Kalple Gıybet Etmenin Haram Oluşu

 

Bil ki, kötü söz haram olduğu gibi, kötü düşünce de haramdır. Başkasının kötülüklerini sayıp dökmek haram olduğu gibi, kendi kendine onun hakkında kötü düşünce içinde bulunman da caiz değildir. Burada kötü düşünce dediğim şey, başkasının kötü olduğunu düşünüp kesin olarak öyle hüküm vermektir. Böyle olmaksızın aklına gelen şeyler ve nefsin vesvese türü düşünceleri bağışlanmıştır. Burada yasaklanan, kalbin meylettiği, nefsin peşine düştüğü zandır.

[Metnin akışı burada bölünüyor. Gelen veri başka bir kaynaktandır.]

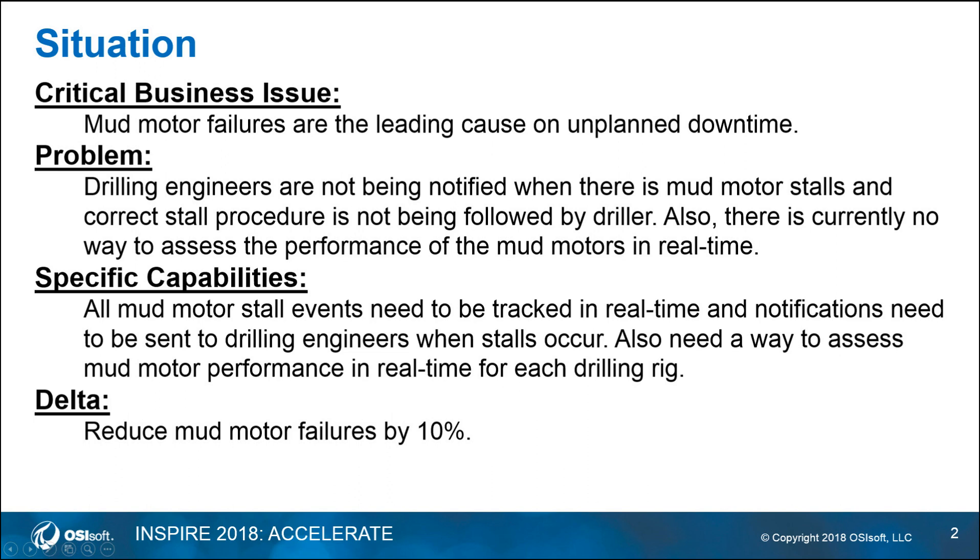Hello everybody, my name is Brian Harklerode. I'm a field service engineer out of the Houston office, and today I'm going to be showing you our mud motor performance dashboard and our Petrolux upstream drilling demo.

Bu konuda Allah Teala (cc) şöyle buyurmaktadır: “Ey iman edenler! Zandan çok sakının, çünkü zannın bir kısmı günahtır.” (Hucurat 12)

 

Zannın Haram Olmasının Sebebi

 

Kalbin sırlarını ancak, bütün gizli hallere vâkıf olan Allah (cc) bilir. Dolayısıyla, başka bir yorumu olmayacak şekilde, açık bir biçimde kötülüğüne şahit olmadığın müddetçe bir başkası hakkında kötü diye hüküm vermen uygun değildir. Böyle bir şeyi gördüysen de bu, gördüklerinle sınırlı kalmalıdır. Şahit olmadığın, kendisinden işitmediğin bir hususta kalbinde oluşan zan ve tahminler şeytandandır. Onu yalanlamalısın. Çünkü şeytan fâsıkların (yalancı, günahkâr) en büyüğüdür. Allah Teala şöyle buyurmaktadır: “Ey iman edenler! Eğer fâsık biri size bir haber getirirse onun doğruluğunu araştırın. Yoksa bilmeden bir topluluğa kötülük edersiniz de sonra yaptığınıza pişman olursunuz.” (Hucurat 6)

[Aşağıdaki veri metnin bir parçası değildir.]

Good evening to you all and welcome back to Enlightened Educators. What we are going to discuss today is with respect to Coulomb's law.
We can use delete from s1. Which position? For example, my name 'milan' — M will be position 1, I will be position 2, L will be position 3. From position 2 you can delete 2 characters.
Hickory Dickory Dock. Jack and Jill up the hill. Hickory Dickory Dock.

Şeytanı tasdik etmek caiz değildir. Eğer gördüğün şeyde kötülüğü yansıtan bir durum olur, fakat onun kötü olmaması da düşünülebilirse, o kötülüğü tasdik etmek caiz değildir. Çünkü fâsık kişinin her ne kadar doğru söyleme ihtimali varsa da, onun haberini hemen doğru kabul etmen caiz değildir. Hatta birinin ağzı koklansa ve içki kokusu bulunsa ona hemen içki içenlere uygulanan ceza uygulanmaz. Böyle bir durumda önce şöyle düşünülür: “Belki ağzına içki almış ama içmemiş, tükürmüştür ya da ona zorla içirilmiştir.” Bütün bu ihtimaller olabildiğine göre, kalben kötülüğünü tasdik etmek ve müslümana su-i zan beslemek caiz değildir. Bu konuda Allah Rasulü (sav) şöyle buyurmuştur: “Şüphesiz Allah, müslümanın kanını, malını ve ona kötü zan beslenilmesini haram kılmıştır.”

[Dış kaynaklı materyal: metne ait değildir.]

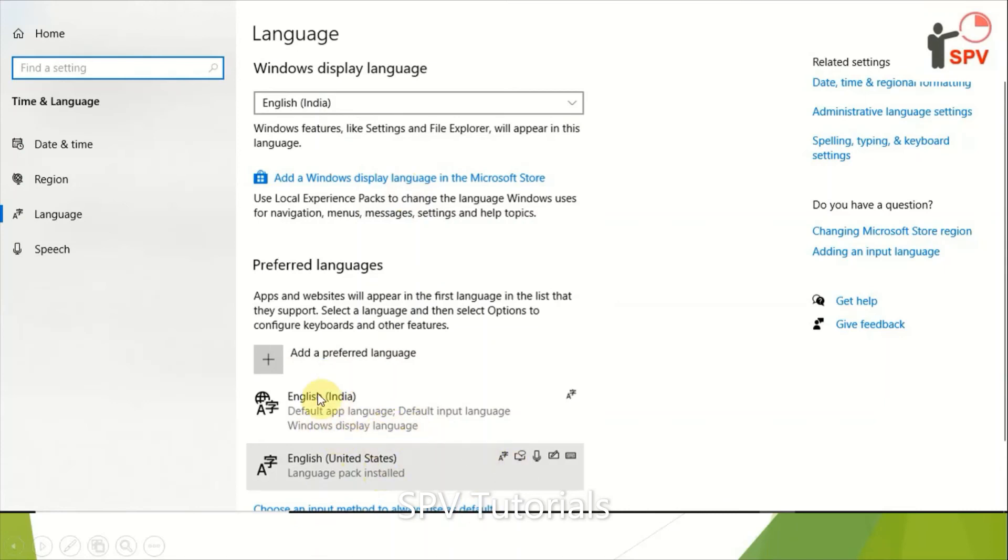we need to move that to up. So in this format, first should be English India. And that's all, only these steps we need to perform. Then just try to close all the sessions of SAP WEBI and reopen it, then we could see the Indian currency format.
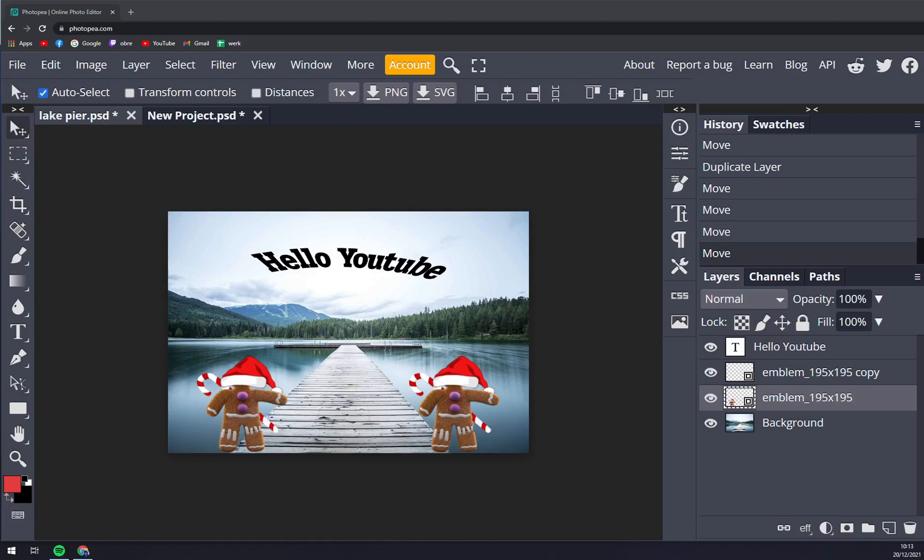Hello guys, my name is Matthew, and in today's video I'm going to show you how you can select multiple layers in Photopia. First things first, we see that we have our project going at photopia.com.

Bir malın, birine ait olduğunu söylemek için ne şartlar gerekli ise, bir kimseye kötü diye hükmetmek için de aynı şartlar gereklidir. Bu şartlar ya onu bizzat görmesi ya da gören âdil birinin şahitlik etmesidir. Böyle olmadan kalbine, birinin kötü olduğuna dair vesveseler geliyorsa bunları uzaklaştırman icap eder. Nefsine, kötülediğin insanın bütün halinin sana kapalı olduğunu, gördüğün şeyin iyiye de kötüye de yorumlama ihtimali olduğunu anlatmalısın.

 

Su-i zan Nasıl Anlaşılır?

 

Soru: İçte bir sürü şüphe mevcut ve nefis de sürekli kalbe kötü düşünceleri atıp dururken kalbe yerleşen kötü zan nasıl bilinir?

 

Cevap: Kötü düşüncenin kalbe yerleştiğinin alameti, kalbin önceki halinin değişmesidir. Bundan sonra o kişiden nefret etmeye başlar, sıkılır, onun durumuyla ilgilenmez, onunla beraber olmaktan kaçar, karşılaştığında ikram etmez, üzüntüsüne ortak olmaz. Bunlar kalpte karşı tarafa ait kötü düşüncenin oluştuğunu gösterir. Allah Rasulü (sav) şöyle buyurmuştur: “Müminde üç şey bulunabilir. Bunlardan kurtulma yolları vardır. Biri hakkında kötü düşünceden kurtulmanın yolu onu araştırmamaktır.”

Yani, kalbe gelen kötü düşüncenin peşine düşüp araştırmamalı; kalbi ve azalarıyla ona göre tavır almamalıdır. Gelen düşünceyi gerçek kabul ederse, kalbiyle o kişiden nefret eder ve rahatsız olur. Bu düşünce fiillerine etki eder; bundan sonra karşı tarafa içindeki düşünceye göre davranır.

Şeytan bazen insanın kalbine, en küçük bir hile ile kötü düşünceleri yerleştirir ve ona şu şekilde vesvese verir: “Senin falan hakkındaki düşüncen doğrudur. Sen bu sonuca tahminle değil, keskin zeka, güzel anlayış ve aklınla ulaştın. Mümin, Allah’ın (cc) nuruyla bakar. O kimse, senin düşündüğün gibidir.” Halbuki bu kimse meseleye nurla değil, şeytanın aldatması ve zulmetiyle bakmıştır.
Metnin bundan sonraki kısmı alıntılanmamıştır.